Diacono can. 266, 288, 861, 910, 943, 1031, 1037, 1108, 1169 c.j.c.
Ministro della Chiesa che ha ricevuto il primo grado dell’
Ordine sacro e come tale è diventato
chierico. È detto:
—
transeunte se è ordinato con l’intenzione di essere ammesso all’ordine successivo del presbiterato [
vedi Presbitero];
—
permanente se è ordinato per esercitare stabilmente solo l’ordine del diaconato.

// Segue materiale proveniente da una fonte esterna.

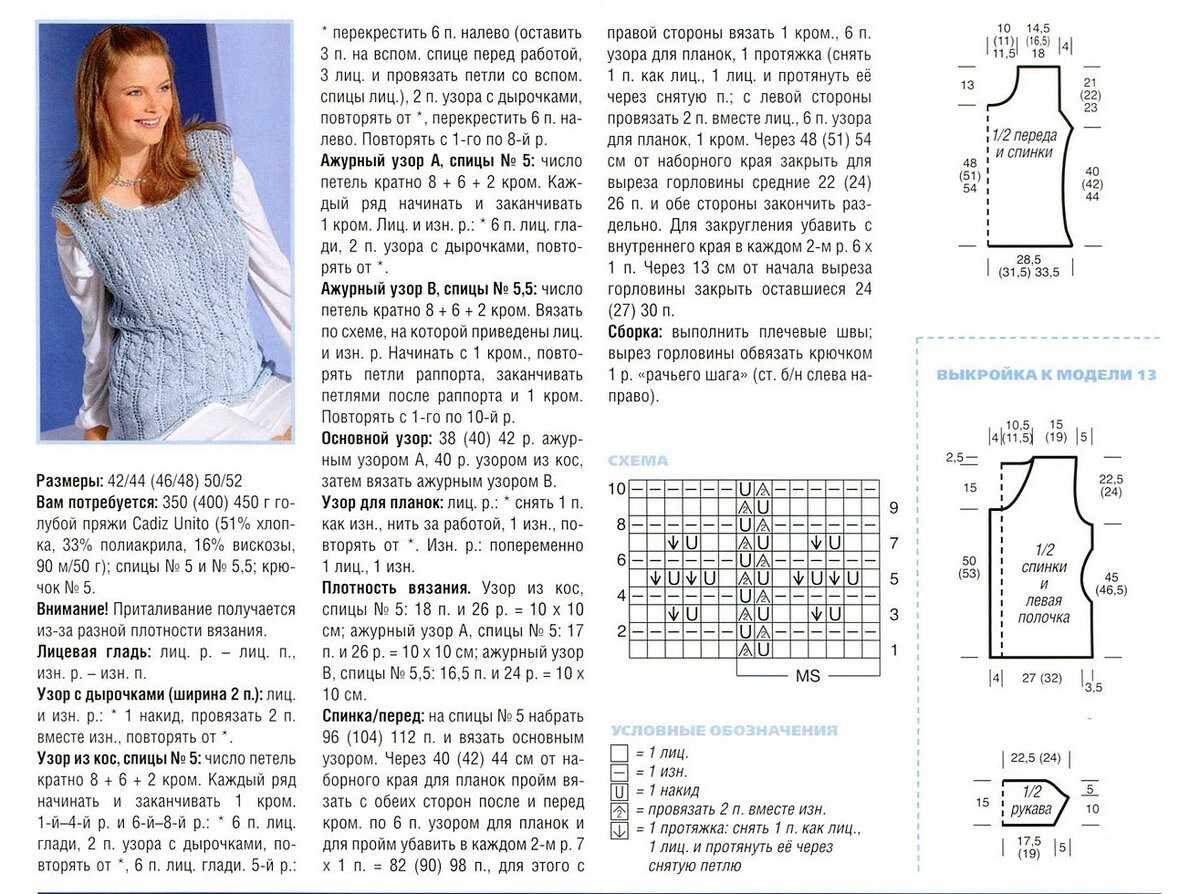 Как связать объемный женский свитер оверсайз спицами: схемы с описанием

Il (—) è ministro ordinario del
Battesimo e della Comunione, può essere delegato ad assistere ai
matrimoni [
vedi Matrimonio canonico;
Matrimonio concordatario] presiedere alle
esequie ecclesiastiche e impartire le benedizioni [
vedi Sacramentali] che gli sono espressamente consentite dal diritto (tra cui la Benedizione eucauristica).
Coloro che sono destinati al presbiterato vengono ammessi all’ordine del diaconato soltanto a 23 anni compiuti; i candidati al diaconato permanente vi sono invece ammessi:
— se
celibi, dopo i 25 anni compiuti;
— se
coniugati dopo i 35 anni compiuti e con il consenso della moglie.

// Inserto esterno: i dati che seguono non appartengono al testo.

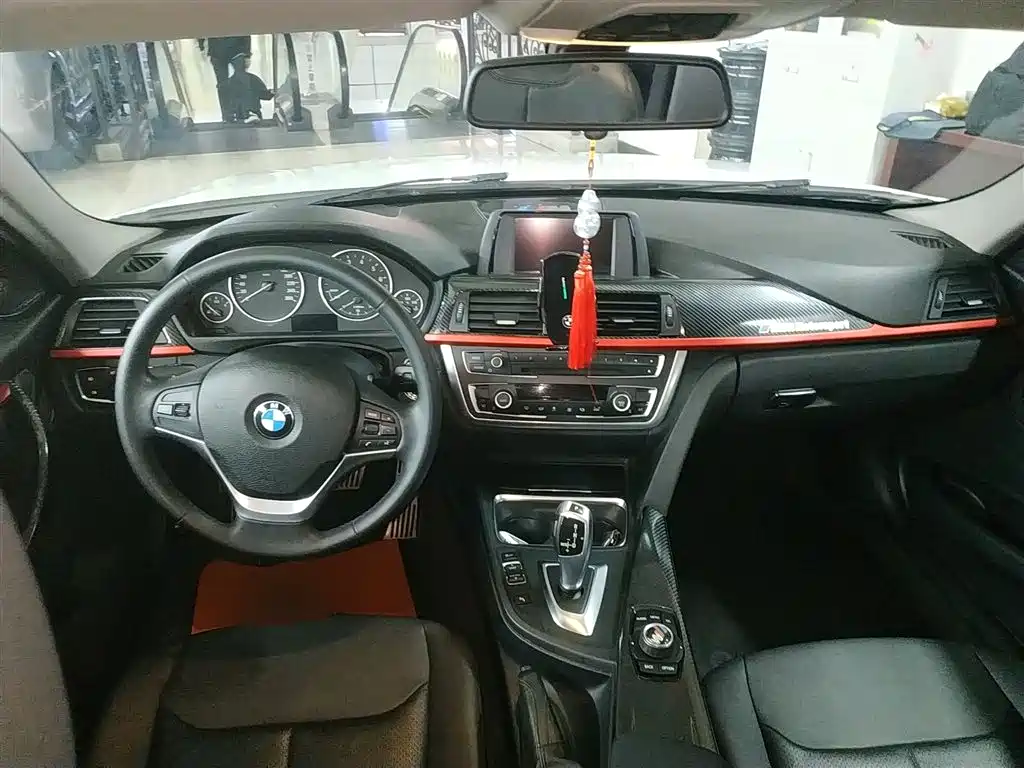 BMW 3 Series 2015 320Li Super Joy Fashion фото 6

Il (—) che intende essere ammesso al sacerdozio (così come chi, non sposato, vuole accedere al diaconato permanente) deve preventivamente avere assunto pubblicamente, dinanzi a Dio e alla Chiesa, l’obbligo del
celibato oppure avere emesso i
voti perpetui in un
istituto religioso. Il (—) permanente rimasto vedovo non può, salvo dispensa, risposarsi.

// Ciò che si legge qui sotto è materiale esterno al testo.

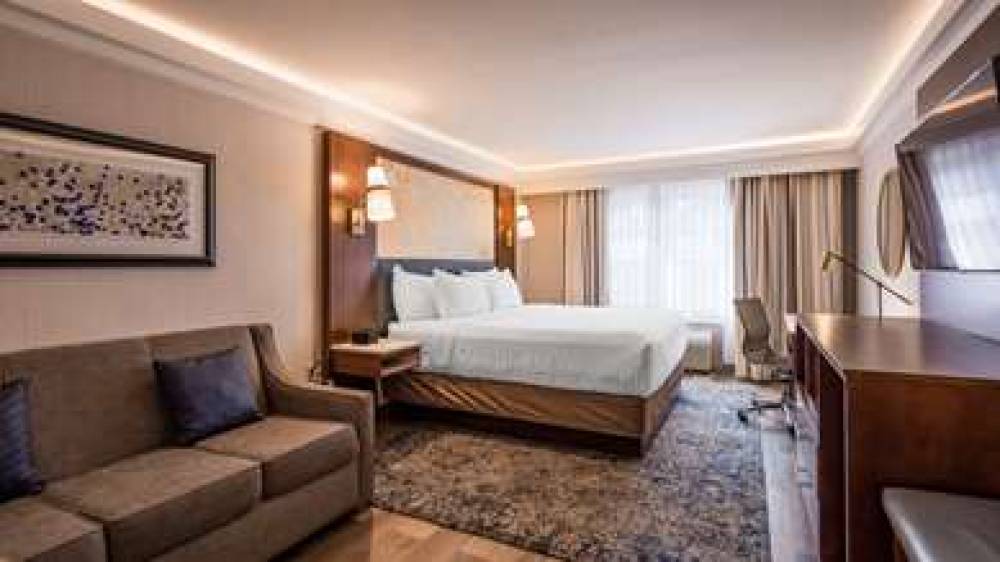 Best Western Westfield Inn 5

Rispetto agli obblighi che devono assumere i chierici i (—)
permanenti non sono tenuti, a meno che il diritto particolare non stabilisca diversamente: ad indossare
l’abito ecclesiastico, ad assumere uffici pubblici che comportano una partecipazione all’esercizio del potere civile, ad esercitare uffici secolari che comportano l’onere del rendiconto, ad esercitare
attività affaristica e commerciale, ad avere parte attiva nei partiti politici e nelle associazioni sindacali.